Judge Rules Illegal Immigrants Can Carry Firearms

A federal judge ruled this week that illegal immigrants have the right to bear arms in a case that could have large effects on immigration policy and the Second Amendment. The ruling comes amid the largest wave of migrants entering the country illegally in the country’s history.

U.S. District Court Judge Sharon Coleman of the Northern District of Illinois ruled that an illegal immigrant had the right to carry a firearm, which dismissed charges against him. Heriberto Carbajal-Flores was arrested for possessing a firearm in Chicago in 2020.

Carbajal-Flores is in the country illegally.

The judge wrote that there was no “improper use of the weapon” and cited the “non-violent circumstances of his arrest.”

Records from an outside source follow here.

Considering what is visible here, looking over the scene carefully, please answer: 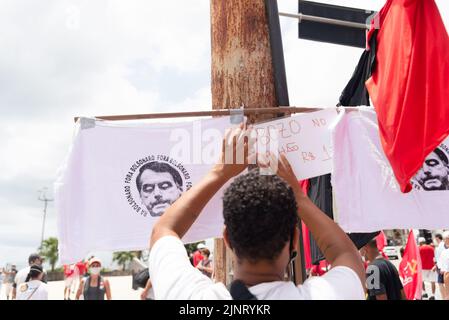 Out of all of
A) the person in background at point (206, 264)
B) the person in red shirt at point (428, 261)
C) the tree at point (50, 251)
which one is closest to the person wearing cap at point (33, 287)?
the person in background at point (206, 264)

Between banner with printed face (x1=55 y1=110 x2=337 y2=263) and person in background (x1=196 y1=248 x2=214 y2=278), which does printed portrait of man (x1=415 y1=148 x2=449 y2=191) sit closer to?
banner with printed face (x1=55 y1=110 x2=337 y2=263)

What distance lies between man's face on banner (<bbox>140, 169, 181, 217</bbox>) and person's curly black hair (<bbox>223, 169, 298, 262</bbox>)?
1.35m

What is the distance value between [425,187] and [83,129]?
2333 mm

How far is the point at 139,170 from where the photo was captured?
2.90 meters

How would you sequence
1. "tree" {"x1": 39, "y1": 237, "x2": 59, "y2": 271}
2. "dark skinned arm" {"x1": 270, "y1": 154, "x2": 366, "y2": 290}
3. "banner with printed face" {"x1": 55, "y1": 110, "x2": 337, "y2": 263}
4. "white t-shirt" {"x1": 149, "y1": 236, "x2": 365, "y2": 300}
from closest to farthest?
"white t-shirt" {"x1": 149, "y1": 236, "x2": 365, "y2": 300}
"dark skinned arm" {"x1": 270, "y1": 154, "x2": 366, "y2": 290}
"banner with printed face" {"x1": 55, "y1": 110, "x2": 337, "y2": 263}
"tree" {"x1": 39, "y1": 237, "x2": 59, "y2": 271}

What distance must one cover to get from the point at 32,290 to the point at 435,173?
19.3ft

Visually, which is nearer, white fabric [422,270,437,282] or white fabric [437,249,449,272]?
white fabric [437,249,449,272]

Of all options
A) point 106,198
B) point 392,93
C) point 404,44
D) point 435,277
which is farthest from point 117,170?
point 435,277

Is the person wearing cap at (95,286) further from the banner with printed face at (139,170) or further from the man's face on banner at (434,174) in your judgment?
the man's face on banner at (434,174)

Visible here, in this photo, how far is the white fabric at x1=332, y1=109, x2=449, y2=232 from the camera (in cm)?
287

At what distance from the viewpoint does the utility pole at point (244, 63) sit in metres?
2.81

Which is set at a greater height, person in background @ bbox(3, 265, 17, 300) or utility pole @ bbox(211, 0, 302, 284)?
utility pole @ bbox(211, 0, 302, 284)

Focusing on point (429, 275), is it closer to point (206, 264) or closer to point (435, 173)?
point (206, 264)

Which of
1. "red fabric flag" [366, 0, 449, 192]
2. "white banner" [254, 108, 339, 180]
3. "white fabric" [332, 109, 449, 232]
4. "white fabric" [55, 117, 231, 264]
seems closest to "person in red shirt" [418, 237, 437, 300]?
"white fabric" [332, 109, 449, 232] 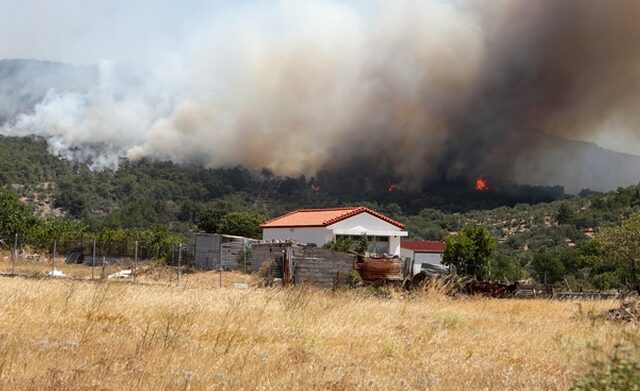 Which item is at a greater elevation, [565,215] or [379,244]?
[565,215]

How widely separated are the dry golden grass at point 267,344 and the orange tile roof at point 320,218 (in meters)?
35.2

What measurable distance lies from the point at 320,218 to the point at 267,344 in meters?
43.2

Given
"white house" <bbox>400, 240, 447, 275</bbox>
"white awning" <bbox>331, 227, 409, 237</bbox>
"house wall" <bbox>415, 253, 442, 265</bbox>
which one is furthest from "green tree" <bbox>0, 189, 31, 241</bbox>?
"house wall" <bbox>415, 253, 442, 265</bbox>

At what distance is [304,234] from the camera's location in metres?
51.4

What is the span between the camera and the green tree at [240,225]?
66938 millimetres

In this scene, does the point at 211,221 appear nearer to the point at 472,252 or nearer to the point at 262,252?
the point at 262,252

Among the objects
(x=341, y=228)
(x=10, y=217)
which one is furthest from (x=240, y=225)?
(x=10, y=217)

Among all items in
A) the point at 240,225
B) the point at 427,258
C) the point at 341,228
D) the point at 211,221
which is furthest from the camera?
the point at 211,221

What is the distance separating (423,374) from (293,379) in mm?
1754

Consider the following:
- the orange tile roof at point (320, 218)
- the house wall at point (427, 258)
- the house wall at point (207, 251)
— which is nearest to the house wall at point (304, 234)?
the orange tile roof at point (320, 218)

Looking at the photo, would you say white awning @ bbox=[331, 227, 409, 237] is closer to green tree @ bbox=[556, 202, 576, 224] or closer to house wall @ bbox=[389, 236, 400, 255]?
house wall @ bbox=[389, 236, 400, 255]

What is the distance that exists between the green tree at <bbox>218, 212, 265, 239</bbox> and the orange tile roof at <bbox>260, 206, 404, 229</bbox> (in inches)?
402

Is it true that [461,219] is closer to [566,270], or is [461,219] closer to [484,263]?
[566,270]

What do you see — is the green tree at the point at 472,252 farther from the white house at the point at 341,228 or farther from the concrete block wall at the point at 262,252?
the concrete block wall at the point at 262,252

Coleman wrote that considering those factors, she found that the arrest did not “support a finding that he poses a risk to public safety such that he cannot be trusted to use a weapon responsibly and should be deprived of his Second Amendment right to bear arms in self-defense.”

The defendant was arrested under federal law, which prohibits illegal immigrants from receiving “any firearm or ammunition which has been shipped or transported in interstate or foreign commerce.”

Carbajal-Flores has not been convicted of a crime involving the use of a weapon and argued that he needed the firearm for self-defense during the 2020 George Floyd riots. The judge wrote that the defendant “has consistently adhered to and fulfilled all the stipulated conditions of his release.”

The case took place about a year and a half after the Supreme Court struck down a New York law that overturned a New York law that required “proper cause” to get a carry permit.

A 2022 ruling on the Carbajal-Flores case ruled that “the government identifies historical limitations on noncitizens’ right to bear arms, justifying its regulation. Because the government meets its burden under the second prong of the Bruen test, Carbajal-Flores’ indictment under § 922(g)(5) is not in violation of the Second Amendment. Defendant’s motion to dismiss the indictment is denied.”